— What is expected —
Pictures in the listing below are skipped, while the lines from the "Rare CIVIL War" line through the "GoLine Cat Lamp" line are returned word for word.

— Given data —
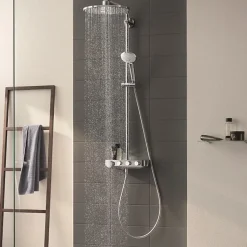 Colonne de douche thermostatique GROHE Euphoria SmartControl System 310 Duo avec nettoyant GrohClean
...
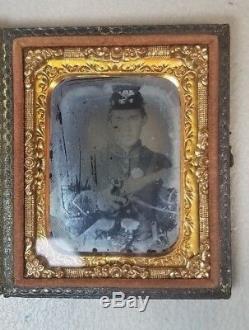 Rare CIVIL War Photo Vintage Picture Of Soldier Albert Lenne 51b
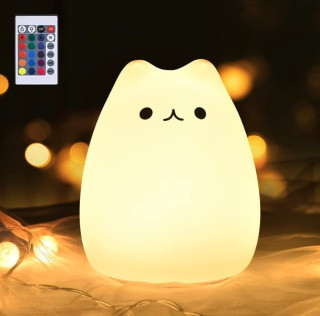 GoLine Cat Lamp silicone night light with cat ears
---
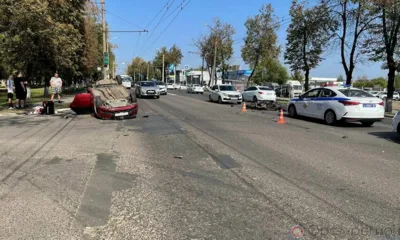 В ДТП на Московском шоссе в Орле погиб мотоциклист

— Written reply —
 Rare CIVIL War Photo Vintage Picture Of Soldier Albert Lenne 51b
 GoLine Cat Lamp silicone night light with cat ears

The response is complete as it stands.